Using this as a metaphor, Prof. Levinson coined the phrase ‘Great Jackass Fallacy’. This perhaps characterizes the motivational philosophy for most managers wherein the conscious assumption behind the reward-punishment model is that managers are dealing with jackasses who must be manipulated and controlled. We see this Carrot & Stick theory of motivation that treats subordinates as Jackasses widely prevalent even today.

Self-fulfilling Prophesy:
The characteristics of a jackass are stubbornness, stupidity, willfulness, and unwillingness to go where someone is driving him to. And by interesting coincidence, these are also the characteristics of the unmotivated employee. Unfortunately, this fallacy can operate like a self-fulfilling prophesy when people respond to the managers’ carrots and protect themselves from their sticks. As organizational history would vouch for, this theory has done more harm than good to the managers and the people they manage. Management curricula that are still archaic and taught as such in business schools tend to perpetuate this fallacy even in the so-called professionally trained managers.

Motivation Reality:
John R Throop quotes in his article titled “Mastering the ABCs of Organizations”, a study of computer engineers who were asked to rank top 10 factors that provided the highest degree of motivation in their jobs that ‘the programmers’ top three were: full appreciation for work done; feeling that they were “in” on things; and, sympathetic help with personal problems! In contrast, their managers, when asked what these factors would be, gave rather different priorities: compensation, working conditions, and fair discipline!

Let us take a look at another study by Lawrence Lindahl in early 1980s and 1990s. Managers identified good wages, job security, and promotions/growth opportunities as the primary reasons why they felt, made their employees work. But the employees had sharply different motivators, viz., appreciation for the job well done as first and “feeling as being in” as second factor for motivation.

Needed Mindset Change, for Managers!
Now, this explains why managers have so much struggle motivating their people. Jackass fallacy is dominantly at work. Unless managers change their mindset fully and consciously, they are very unlikely to succeed in motivating their people. Nothing frustrates people more than utter lack of sensitivity on the part of their managers in understanding what they are looking for. Great managers know at least one thing and know it well: People are people and not personnel. This has many implications in terms of mindset change. Let me describe a couple of examples which communicate the fixation with the mindset that needs a radical change:

Many managers refer to their people in every single conversation as ‘resource’. This is so very demeaning. If you, as a manager, have any doubt, please ask your team. You will be completely shattered with what you discover. Why cannot organizations ban the reference to people as ‘resource’?

Looking at employees in Pounds and Dollars. No exaggeration folks! Many managers, conditioned by the organization’s culture, see employees as: you are $ 1600 or $ 2400 for me. Can’t be people simply seen as invaluable assets?
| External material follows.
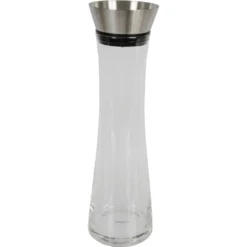 Cuisine Elegance Karaf Met Zeef Glas 1 Liter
The caste system in Software Companies divides people into billable and non-billable. What bothers employees (and should bother anyone in his right mindset) is the way many managers treat someone who is non-billable or not being billed. People working on projects and are being billed watch the plight of those that are non-billable and not feel very good about it. Well, decent managers understand why even non-performers have to be handled firmly, but fairly, leave alone the good performing non-billable people.

Please do not get me wrong. Businesses exist to delight customers with high quality service delivery and make money. But, does that license managers or an organization to treat people as commodities to be used up is the question to ponder over.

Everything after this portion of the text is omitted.